-- ASSIGNMENT --
Write out every entry in full. Leave nothing out.

-- WORKING DATA --
==================================================
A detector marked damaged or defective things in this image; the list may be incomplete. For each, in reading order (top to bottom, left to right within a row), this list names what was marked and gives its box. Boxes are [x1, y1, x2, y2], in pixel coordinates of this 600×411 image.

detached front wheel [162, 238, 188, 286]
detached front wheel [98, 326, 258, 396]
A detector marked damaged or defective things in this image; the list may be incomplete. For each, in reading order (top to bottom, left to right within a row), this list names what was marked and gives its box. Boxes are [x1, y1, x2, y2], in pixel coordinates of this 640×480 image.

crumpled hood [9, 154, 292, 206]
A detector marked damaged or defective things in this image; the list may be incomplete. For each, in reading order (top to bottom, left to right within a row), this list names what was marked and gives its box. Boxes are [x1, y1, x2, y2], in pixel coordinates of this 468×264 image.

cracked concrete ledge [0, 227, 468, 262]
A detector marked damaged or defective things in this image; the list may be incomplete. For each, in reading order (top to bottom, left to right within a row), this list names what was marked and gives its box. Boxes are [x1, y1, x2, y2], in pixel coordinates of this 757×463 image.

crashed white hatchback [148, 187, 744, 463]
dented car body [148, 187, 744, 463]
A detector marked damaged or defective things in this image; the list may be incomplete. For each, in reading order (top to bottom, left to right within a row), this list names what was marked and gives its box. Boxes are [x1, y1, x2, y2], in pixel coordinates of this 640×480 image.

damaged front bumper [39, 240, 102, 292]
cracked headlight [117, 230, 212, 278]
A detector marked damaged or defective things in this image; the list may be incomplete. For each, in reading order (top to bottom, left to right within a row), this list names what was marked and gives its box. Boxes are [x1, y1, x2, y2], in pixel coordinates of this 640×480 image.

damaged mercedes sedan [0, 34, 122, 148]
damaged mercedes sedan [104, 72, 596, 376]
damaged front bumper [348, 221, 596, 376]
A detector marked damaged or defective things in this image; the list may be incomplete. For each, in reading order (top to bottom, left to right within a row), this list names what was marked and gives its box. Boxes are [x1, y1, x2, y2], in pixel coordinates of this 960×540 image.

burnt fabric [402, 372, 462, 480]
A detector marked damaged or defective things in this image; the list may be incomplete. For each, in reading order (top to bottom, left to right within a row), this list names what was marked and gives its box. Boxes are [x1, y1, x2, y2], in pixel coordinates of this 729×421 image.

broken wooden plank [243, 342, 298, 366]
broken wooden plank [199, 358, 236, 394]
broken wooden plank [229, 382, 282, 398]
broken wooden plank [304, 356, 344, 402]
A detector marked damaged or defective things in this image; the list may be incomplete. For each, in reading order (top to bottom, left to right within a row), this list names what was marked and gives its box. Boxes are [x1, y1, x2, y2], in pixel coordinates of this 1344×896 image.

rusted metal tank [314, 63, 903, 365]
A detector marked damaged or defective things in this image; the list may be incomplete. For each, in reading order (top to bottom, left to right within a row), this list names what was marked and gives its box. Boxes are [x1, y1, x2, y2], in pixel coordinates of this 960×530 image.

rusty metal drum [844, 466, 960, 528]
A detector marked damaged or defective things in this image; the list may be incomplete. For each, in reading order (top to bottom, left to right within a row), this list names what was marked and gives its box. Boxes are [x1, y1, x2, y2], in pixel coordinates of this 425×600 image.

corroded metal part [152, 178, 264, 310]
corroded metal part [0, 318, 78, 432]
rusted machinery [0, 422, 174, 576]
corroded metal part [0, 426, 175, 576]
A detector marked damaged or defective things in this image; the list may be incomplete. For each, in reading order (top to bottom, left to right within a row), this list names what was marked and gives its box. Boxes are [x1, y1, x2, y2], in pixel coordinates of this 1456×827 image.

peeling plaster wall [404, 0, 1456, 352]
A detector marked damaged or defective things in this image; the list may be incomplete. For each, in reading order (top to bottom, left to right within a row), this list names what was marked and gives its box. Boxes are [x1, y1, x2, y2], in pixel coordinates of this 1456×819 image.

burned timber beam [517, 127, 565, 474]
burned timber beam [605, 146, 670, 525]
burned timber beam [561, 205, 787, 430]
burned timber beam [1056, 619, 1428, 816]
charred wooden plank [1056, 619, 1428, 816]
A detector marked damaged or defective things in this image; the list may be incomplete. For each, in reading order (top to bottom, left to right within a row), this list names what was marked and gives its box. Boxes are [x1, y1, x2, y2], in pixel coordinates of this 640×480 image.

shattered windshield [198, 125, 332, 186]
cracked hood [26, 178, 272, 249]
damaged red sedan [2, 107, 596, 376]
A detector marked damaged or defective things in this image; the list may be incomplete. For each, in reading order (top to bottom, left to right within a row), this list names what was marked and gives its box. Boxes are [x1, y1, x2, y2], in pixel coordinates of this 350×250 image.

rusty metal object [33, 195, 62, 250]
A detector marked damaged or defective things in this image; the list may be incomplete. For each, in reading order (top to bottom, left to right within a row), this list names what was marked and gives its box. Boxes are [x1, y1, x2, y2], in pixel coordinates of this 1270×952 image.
==================================================
-- ANSWER AREA --
A detector marked damaged or defective things in this image; the list may be incomplete. For each, in reading order (top to bottom, left to right within a row), this list names what was marked and gives its box. Boxes are [x1, y1, x2, y2], in pixel coordinates of this 600×411 image.

detached front wheel [162, 238, 188, 286]
detached front wheel [98, 326, 258, 396]
A detector marked damaged or defective things in this image; the list may be incomplete. For each, in reading order (top to bottom, left to right within a row), this list names what was marked and gives its box. Boxes are [x1, y1, x2, y2], in pixel coordinates of this 640×480 image.

crumpled hood [9, 154, 292, 206]
A detector marked damaged or defective things in this image; the list may be incomplete. For each, in reading order (top to bottom, left to right within a row), this list names what was marked and gives its box. Boxes are [x1, y1, x2, y2], in pixel coordinates of this 468×264 image.

cracked concrete ledge [0, 227, 468, 262]
A detector marked damaged or defective things in this image; the list may be incomplete. For each, in reading order (top to bottom, left to right within a row), this list names what was marked and gives its box. Boxes are [x1, y1, x2, y2], in pixel coordinates of this 757×463 image.

crashed white hatchback [148, 187, 744, 463]
dented car body [148, 187, 744, 463]
A detector marked damaged or defective things in this image; the list may be incomplete. For each, in reading order (top to bottom, left to right within a row), this list names what was marked and gives its box. Boxes are [x1, y1, x2, y2], in pixel coordinates of this 640×480 image.

damaged front bumper [39, 240, 102, 292]
cracked headlight [117, 230, 212, 278]
A detector marked damaged or defective things in this image; the list may be incomplete. For each, in reading order (top to bottom, left to right within a row), this list names what was marked and gives its box. Boxes are [x1, y1, x2, y2], in pixel coordinates of this 640×480 image.

damaged mercedes sedan [0, 34, 122, 148]
damaged mercedes sedan [104, 72, 596, 376]
damaged front bumper [348, 221, 596, 376]
A detector marked damaged or defective things in this image; the list may be incomplete. For each, in reading order (top to bottom, left to right within a row), this list names what was marked and gives its box. Boxes are [x1, y1, x2, y2], in pixel coordinates of this 960×540 image.

burnt fabric [402, 372, 462, 480]
A detector marked damaged or defective things in this image; the list may be incomplete. For each, in reading order (top to bottom, left to right within a row), this list names what was marked and gives its box. Boxes are [x1, y1, x2, y2], in pixel coordinates of this 729×421 image.

broken wooden plank [243, 342, 298, 366]
broken wooden plank [199, 358, 236, 394]
broken wooden plank [229, 382, 282, 398]
broken wooden plank [304, 356, 344, 402]
A detector marked damaged or defective things in this image; the list may be incomplete. For each, in reading order (top to bottom, left to right within a row), this list names what was marked and gives its box. Boxes are [x1, y1, x2, y2], in pixel coordinates of this 1344×896 image.

rusted metal tank [314, 63, 903, 365]
A detector marked damaged or defective things in this image; the list may be incomplete. For each, in reading order (top to bottom, left to right within a row), this list names what was marked and gives its box. Boxes are [x1, y1, x2, y2], in pixel coordinates of this 960×530 image.

rusty metal drum [844, 466, 960, 528]
A detector marked damaged or defective things in this image; the list may be incomplete. For each, in reading order (top to bottom, left to right within a row), this list names what was marked and gives its box. Boxes are [x1, y1, x2, y2], in pixel coordinates of this 425×600 image.

corroded metal part [152, 178, 264, 310]
corroded metal part [0, 318, 78, 432]
rusted machinery [0, 422, 174, 576]
corroded metal part [0, 426, 175, 576]
A detector marked damaged or defective things in this image; the list may be incomplete. For each, in reading order (top to bottom, left to right within a row), this list names what was marked and gives its box. Boxes are [x1, y1, x2, y2], in pixel coordinates of this 1456×827 image.

peeling plaster wall [404, 0, 1456, 352]
A detector marked damaged or defective things in this image; the list may be incomplete. For each, in reading order (top to bottom, left to right within a row), this list names what was marked and gives its box. Boxes are [x1, y1, x2, y2], in pixel coordinates of this 1456×819 image.

burned timber beam [517, 127, 565, 474]
burned timber beam [605, 146, 670, 525]
burned timber beam [561, 205, 787, 430]
burned timber beam [1056, 619, 1428, 816]
charred wooden plank [1056, 619, 1428, 816]
A detector marked damaged or defective things in this image; the list may be incomplete. For each, in reading order (top to bottom, left to right within a row), this list names what was marked and gives its box. Boxes are [x1, y1, x2, y2], in pixel coordinates of this 640×480 image.

shattered windshield [198, 125, 332, 186]
cracked hood [26, 178, 272, 249]
damaged red sedan [2, 107, 596, 376]
A detector marked damaged or defective things in this image; the list may be incomplete. For each, in reading order (top to bottom, left to right within a row), this list names what was marked and gives its box. Boxes are [x1, y1, x2, y2], in pixel coordinates of this 350×250 image.

rusty metal object [33, 195, 62, 250]
A detector marked damaged or defective things in this image; the list may be incomplete. For each, in reading order (top to bottom, left to right within a row), this list names what was marked and gives its box. Boxes are [x1, y1, x2, y2], in pixel coordinates of this 1270×952 image.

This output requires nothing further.